# Jonsered 600+ Questions



## Maine-iacJay (Nov 7, 2007)

Im a newbie, and I have some questions, I have a chance to get a Jonsered 600+ in good shape for $500 with no saw, wondering if it is worth it? Also what should I put on for a saw? I know that it will start the stihl vs. husky fight but I would really appreciate any insight. Thanks in advance.


----------



## woodshop (Nov 7, 2007)

Maine-iacJay said:


> Im a newbie, and I have some questions, I have a chance to get a Jonsered 600+ in good shape for $500 with no saw, wondering if it is worth it? Also what should I put on for a saw? I know that it will start the stihl vs. husky fight but I would really appreciate any insight. Thanks in advance.



I would post this over in the chainsaw section of arboristsite.com. You will get lots of response there. Personally I know little about Jonsered other than they are a good saw, comparable to the other major players. (I think they are made in same factories as the Husky saws, might be wrong on that one though).


----------



## Mad Professor (Nov 7, 2007)

Maine-iacJay said:


> Im a newbie, and I have some questions, I have a chance to get a Jonsered 600+ in good shape for $500 with no saw, wondering if it is worth it? Also what should I put on for a saw? I know that it will start the stihl vs. husky fight but I would really appreciate any insight. Thanks in advance.
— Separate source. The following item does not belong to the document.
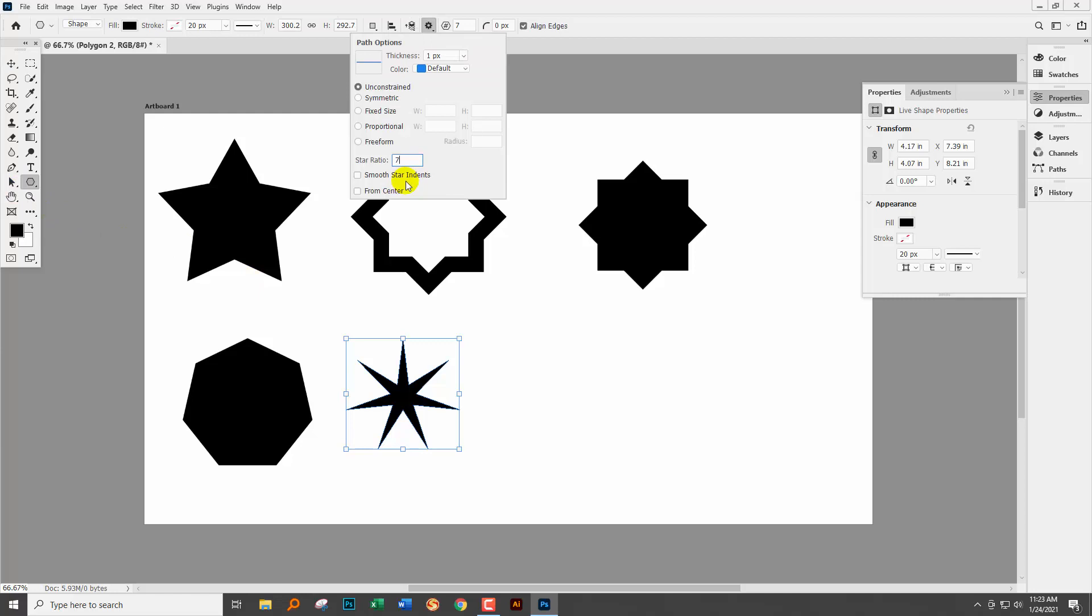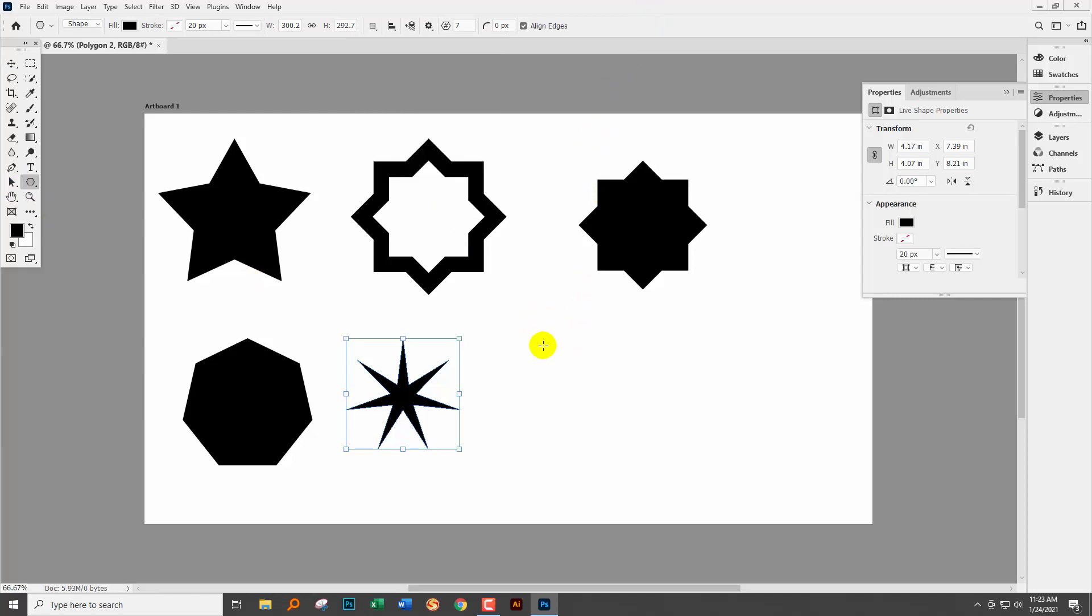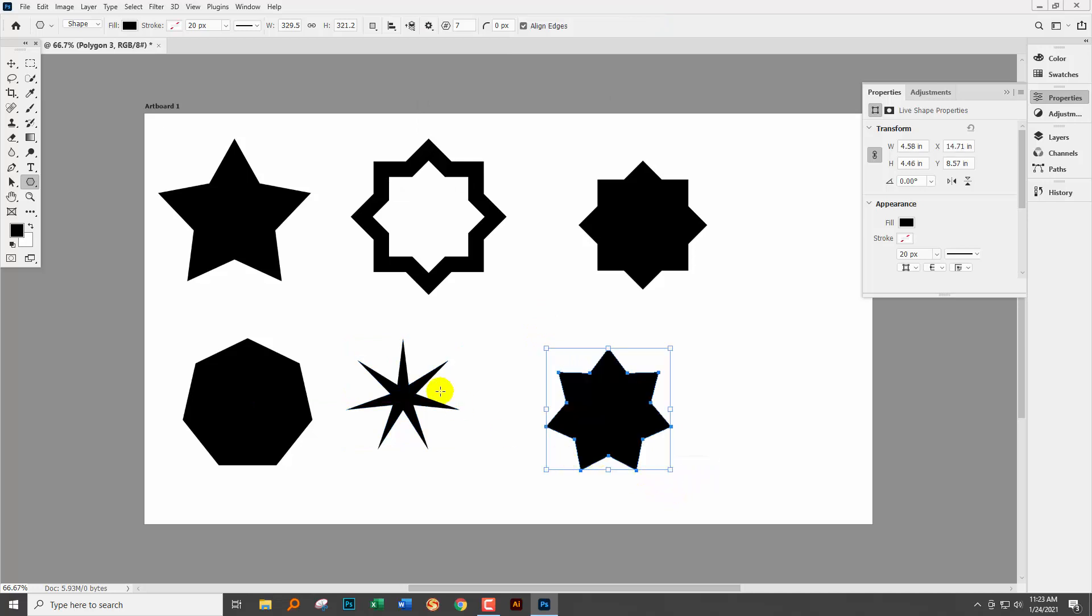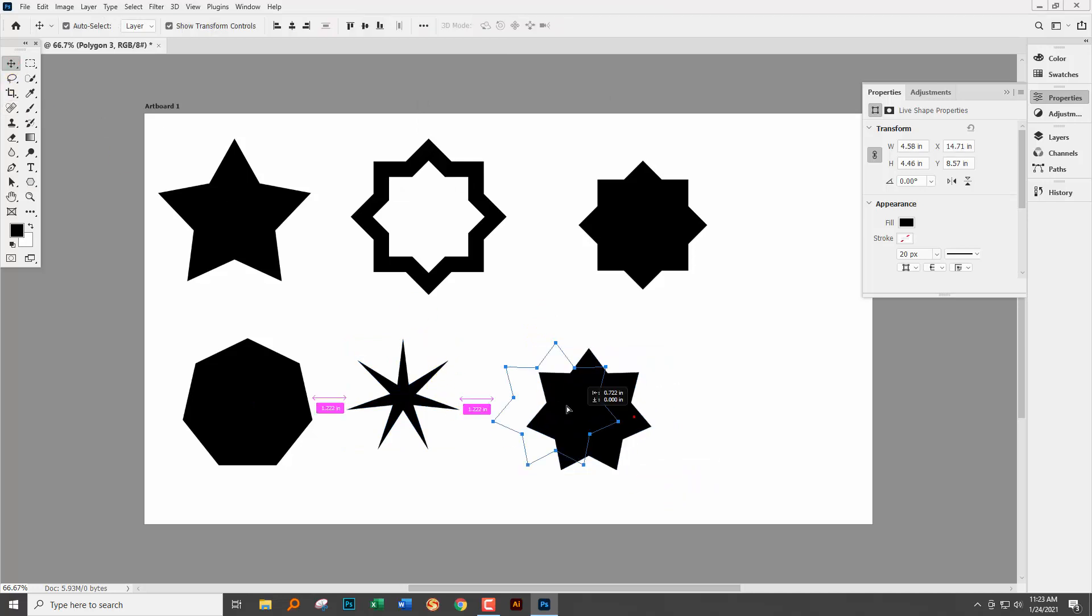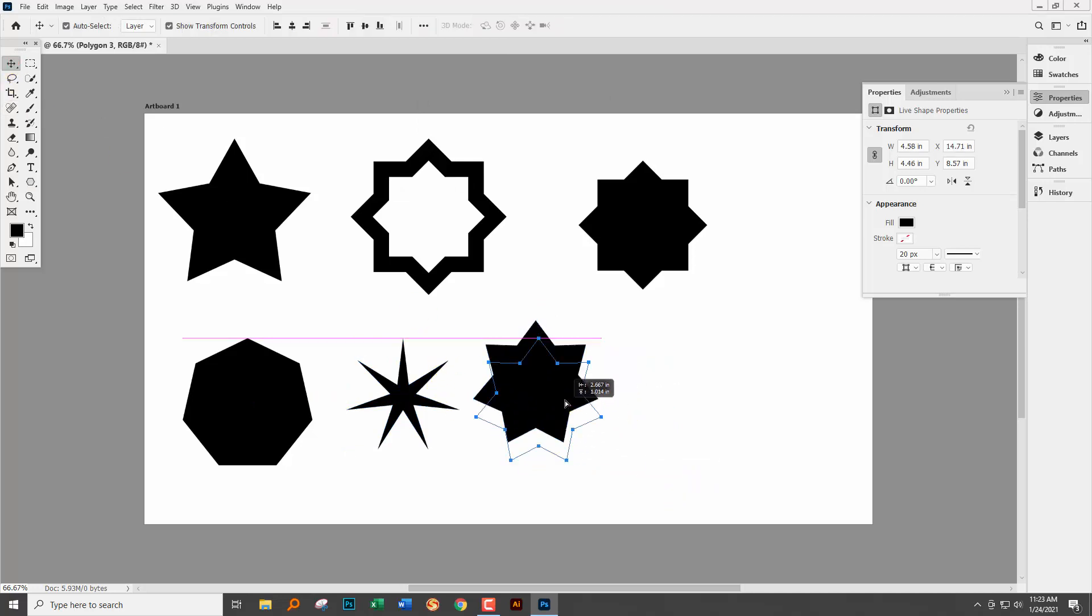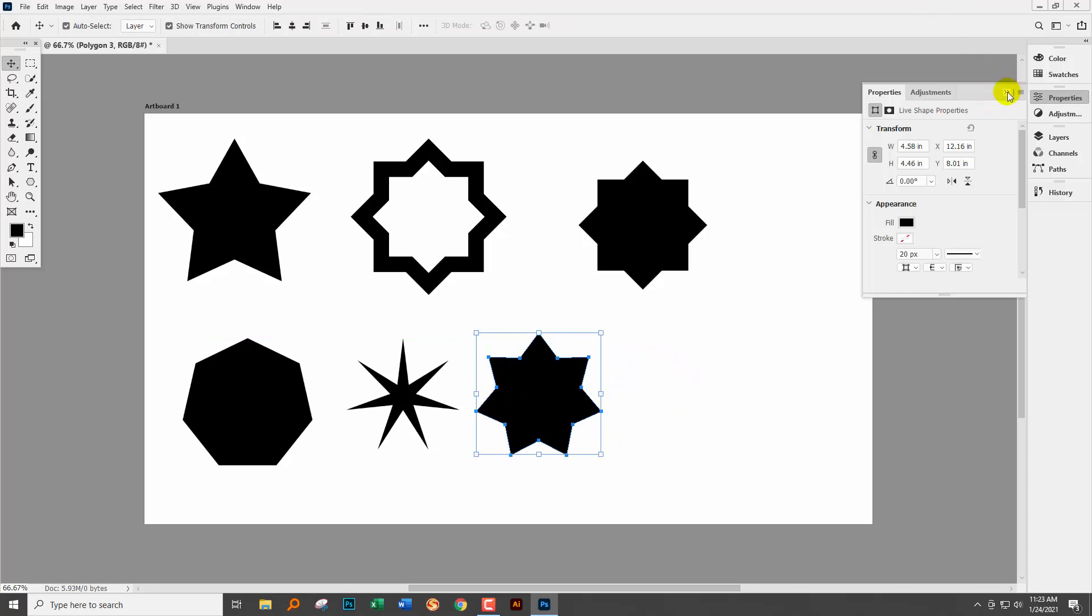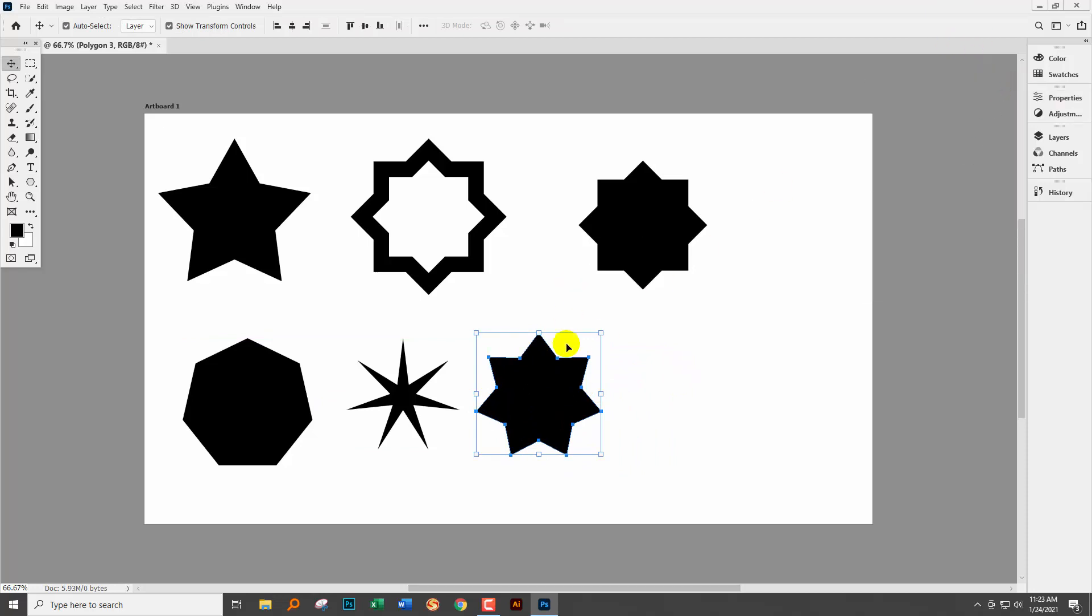If you choose something like 75 percent then you're going to get a really shallow star. So just be aware that that may not work the way that you expect it to.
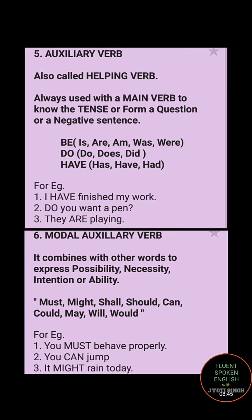Auxiliary verb is also called a helping verb because it tells you about the tense of the sentence, the question form, and whether it's a negative sentence. The commonly used auxiliary verbs are: be, do, have. The forms of be are is, are, am, was, were. The forms of do are do, does, did. The forms of have are have, has, had.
No experience with that mill (I have a logosol) but get the biggest saw you can afford. I'd suggest a 660 or 394. I run a 066 on my mill and wonder how much better an 088 would be.....


----------



## aquan8tor (Nov 7, 2007)

The husky dealer I get parts from said the 394/2094 cylinder/parts are the same except for the externals; the castings are a little different, but major stuff is the same; I don't know why Jonsered gave the 2094/2095 a 6.7 HP rating instead of Husqvarna's 7.1 HP. Same displacement, I think. Haven't taken one apart. The same dealer had stopped carrying jonsereds but said he had sold a 2095 powerhead & bar with their pico rip chain to a guy for milling a couple years ago; I talked to the guy, who'd used it in his own rolling jig to make pine beams for timberframing. 
I did a search on the 600+ and it looks like thats a good price, but how good a "deal" it is depends on how long a cut it has, and how much work you're willing to do to get the logs to it, and how much you have to spend on a saw.; It'd probably be pretty easy to get the mill on a trailer, based on the size it looks to be; Just get a big saw. At least 80cc or better, with 95-100preferable. You DO need the power. Its not like cutting firewood.


----------



## snowshoveler (Nov 10, 2007)

i have a 600+ and i can assure you that the price is very good.
for saws you are limited by size.
a 394 fits in very nice.
372s and all its variants wil not fit in the mill.
44s and all its variants will not fit either.
smaller saws like 357s and 254s will fit with a few small mods (the bar mount studs are closer together.
the big saws like a 3120 wont fit either.
the worm screw adjustment for the height of cut is what interfers with with the front handle on the saw.
i mostly use the 394 and have used 254,262 saws for milling logs under a foot in diameter.
i have milled pine and oak considerably larger than the mill is capable of normalaly (sp)...i just turned the carriage around and mounted the saw on a plate with the bar pointed outward instead of inward.
with very little practice you will be able to cut some very impresive lumber.
the accuracy it is capable of will surprise everyone who has ever sawn lumber.
any questions just ask.
chris


----------



## Maine-iacJay (Nov 11, 2007)

thanks snowshoveler and all that responded, I never thought of turning around the saw to cut a larger log. I was leaning toward a 395, but it is really nice to find out the little idiosyncrasies of that mill. I did buy it and I am probably going to wait till spring to buy the saw, if I can wait. :greenchainsaw:


----------



## gunnarfan (Nov 11, 2007)

I'm glad that people picked up on the fact that that was a mill number and not the 6-- series of jonsered saws. I have been looking at the mill that tilton/jonsered dealers sell called the mini jobber.. faulkner's used to sell them before years ago. those go for 1100 or so. can do dado/log cabin milling with those as well as slabbing.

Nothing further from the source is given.